_What the task asks:_ Where the word "Mint" shows up in the entries below, please copy the whole line.

_Material provided:_
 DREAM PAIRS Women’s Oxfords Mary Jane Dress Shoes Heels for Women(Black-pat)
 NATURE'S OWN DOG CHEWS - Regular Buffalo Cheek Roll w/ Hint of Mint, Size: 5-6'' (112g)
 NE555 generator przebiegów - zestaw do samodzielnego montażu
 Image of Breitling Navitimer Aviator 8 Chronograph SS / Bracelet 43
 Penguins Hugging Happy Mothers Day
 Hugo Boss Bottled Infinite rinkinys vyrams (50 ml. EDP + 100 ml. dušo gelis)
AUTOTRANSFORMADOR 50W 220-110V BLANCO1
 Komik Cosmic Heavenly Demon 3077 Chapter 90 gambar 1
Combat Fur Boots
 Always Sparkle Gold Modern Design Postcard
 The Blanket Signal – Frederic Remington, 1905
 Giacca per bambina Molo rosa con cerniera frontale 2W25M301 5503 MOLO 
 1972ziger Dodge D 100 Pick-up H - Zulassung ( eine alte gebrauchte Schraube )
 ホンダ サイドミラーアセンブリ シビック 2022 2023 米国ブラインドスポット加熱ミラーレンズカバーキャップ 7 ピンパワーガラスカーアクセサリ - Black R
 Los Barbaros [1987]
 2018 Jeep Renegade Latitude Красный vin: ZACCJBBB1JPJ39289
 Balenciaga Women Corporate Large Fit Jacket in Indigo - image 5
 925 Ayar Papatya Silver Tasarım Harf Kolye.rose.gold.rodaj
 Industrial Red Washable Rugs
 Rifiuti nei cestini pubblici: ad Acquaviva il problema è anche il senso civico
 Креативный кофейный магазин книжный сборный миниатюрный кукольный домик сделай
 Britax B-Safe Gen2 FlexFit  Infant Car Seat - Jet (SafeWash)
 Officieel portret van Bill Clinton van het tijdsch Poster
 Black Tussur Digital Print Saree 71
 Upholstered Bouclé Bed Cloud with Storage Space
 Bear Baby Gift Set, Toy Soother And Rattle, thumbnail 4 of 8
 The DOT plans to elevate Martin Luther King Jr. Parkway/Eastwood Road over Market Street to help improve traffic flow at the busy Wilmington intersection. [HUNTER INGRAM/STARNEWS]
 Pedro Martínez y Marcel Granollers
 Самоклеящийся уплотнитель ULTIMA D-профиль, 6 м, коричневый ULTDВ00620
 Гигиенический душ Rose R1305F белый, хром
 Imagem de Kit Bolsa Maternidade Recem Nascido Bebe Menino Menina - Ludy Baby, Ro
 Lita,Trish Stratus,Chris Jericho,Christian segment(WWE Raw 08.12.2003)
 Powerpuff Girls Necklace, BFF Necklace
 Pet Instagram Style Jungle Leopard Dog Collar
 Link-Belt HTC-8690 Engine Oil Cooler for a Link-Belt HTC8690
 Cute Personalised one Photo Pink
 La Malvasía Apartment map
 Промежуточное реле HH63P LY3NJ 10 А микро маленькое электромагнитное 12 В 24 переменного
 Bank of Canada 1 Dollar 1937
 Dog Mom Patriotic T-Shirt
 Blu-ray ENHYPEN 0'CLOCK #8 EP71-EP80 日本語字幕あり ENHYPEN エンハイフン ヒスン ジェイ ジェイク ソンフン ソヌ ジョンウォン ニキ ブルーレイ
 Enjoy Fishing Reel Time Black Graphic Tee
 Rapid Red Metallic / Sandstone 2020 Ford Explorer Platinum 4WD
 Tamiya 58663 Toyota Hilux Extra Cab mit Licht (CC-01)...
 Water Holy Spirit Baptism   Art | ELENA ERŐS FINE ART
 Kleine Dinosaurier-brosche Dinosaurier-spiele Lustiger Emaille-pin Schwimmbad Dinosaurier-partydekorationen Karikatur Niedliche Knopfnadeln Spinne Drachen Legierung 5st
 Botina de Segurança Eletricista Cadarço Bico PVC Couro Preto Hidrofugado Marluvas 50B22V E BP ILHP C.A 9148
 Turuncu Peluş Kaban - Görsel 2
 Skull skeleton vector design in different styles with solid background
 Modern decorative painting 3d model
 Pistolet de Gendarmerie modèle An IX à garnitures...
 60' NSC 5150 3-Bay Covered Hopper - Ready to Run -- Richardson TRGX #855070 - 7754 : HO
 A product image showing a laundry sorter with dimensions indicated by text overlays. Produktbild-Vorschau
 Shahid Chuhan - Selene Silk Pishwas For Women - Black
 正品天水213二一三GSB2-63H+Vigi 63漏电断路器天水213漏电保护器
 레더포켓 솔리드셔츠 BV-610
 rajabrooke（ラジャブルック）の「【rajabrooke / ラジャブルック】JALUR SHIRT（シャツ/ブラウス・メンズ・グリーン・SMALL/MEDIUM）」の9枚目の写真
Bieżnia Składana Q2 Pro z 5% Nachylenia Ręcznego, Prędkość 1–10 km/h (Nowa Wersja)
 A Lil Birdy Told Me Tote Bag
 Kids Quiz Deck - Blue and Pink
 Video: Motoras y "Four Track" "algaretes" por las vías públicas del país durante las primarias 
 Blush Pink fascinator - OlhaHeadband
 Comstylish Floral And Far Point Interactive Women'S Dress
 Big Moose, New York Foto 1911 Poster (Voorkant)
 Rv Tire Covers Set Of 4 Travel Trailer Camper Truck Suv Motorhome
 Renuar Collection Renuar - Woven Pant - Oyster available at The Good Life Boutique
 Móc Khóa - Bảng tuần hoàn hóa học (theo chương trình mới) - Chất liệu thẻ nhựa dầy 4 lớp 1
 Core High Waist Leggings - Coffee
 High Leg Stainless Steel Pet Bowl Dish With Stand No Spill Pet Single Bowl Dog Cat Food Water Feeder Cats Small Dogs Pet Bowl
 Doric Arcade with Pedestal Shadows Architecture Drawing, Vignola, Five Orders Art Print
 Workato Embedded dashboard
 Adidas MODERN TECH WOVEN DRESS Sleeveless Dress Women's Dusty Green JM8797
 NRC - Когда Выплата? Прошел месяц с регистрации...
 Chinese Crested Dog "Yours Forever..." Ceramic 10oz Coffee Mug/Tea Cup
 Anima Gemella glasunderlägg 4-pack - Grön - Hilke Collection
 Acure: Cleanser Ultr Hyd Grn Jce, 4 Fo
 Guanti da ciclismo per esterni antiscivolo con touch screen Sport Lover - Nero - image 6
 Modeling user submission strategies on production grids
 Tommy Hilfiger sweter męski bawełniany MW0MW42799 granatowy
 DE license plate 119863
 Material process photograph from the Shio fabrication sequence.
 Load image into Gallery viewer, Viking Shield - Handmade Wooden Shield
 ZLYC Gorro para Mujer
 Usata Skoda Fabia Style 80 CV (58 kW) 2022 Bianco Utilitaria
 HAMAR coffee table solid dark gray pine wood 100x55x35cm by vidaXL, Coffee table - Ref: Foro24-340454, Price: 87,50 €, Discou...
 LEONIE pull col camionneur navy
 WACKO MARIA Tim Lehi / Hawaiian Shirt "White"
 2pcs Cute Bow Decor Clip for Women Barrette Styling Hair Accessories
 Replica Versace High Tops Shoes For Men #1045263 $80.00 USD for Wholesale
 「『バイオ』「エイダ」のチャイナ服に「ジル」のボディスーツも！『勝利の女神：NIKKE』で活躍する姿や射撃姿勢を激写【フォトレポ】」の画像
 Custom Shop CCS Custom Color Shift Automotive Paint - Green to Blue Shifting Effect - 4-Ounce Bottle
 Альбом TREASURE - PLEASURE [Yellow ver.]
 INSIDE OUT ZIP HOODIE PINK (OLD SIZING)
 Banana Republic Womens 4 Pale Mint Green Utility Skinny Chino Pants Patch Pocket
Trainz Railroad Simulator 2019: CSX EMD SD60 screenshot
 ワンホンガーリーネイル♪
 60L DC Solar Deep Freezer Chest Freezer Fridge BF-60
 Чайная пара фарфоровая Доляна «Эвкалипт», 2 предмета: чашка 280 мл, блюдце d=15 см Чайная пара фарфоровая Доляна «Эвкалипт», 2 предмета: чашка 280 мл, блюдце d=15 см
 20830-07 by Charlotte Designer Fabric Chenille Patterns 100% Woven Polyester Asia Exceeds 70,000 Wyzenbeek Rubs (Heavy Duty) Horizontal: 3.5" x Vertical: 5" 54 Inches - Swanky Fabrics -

_Answer area:_
 NATURE'S OWN DOG CHEWS - Regular Buffalo Cheek Roll w/ Hint of Mint, Size: 5-6'' (112g)
 Banana Republic Womens 4 Pale Mint Green Utility Skinny Chino Pants Patch Pocket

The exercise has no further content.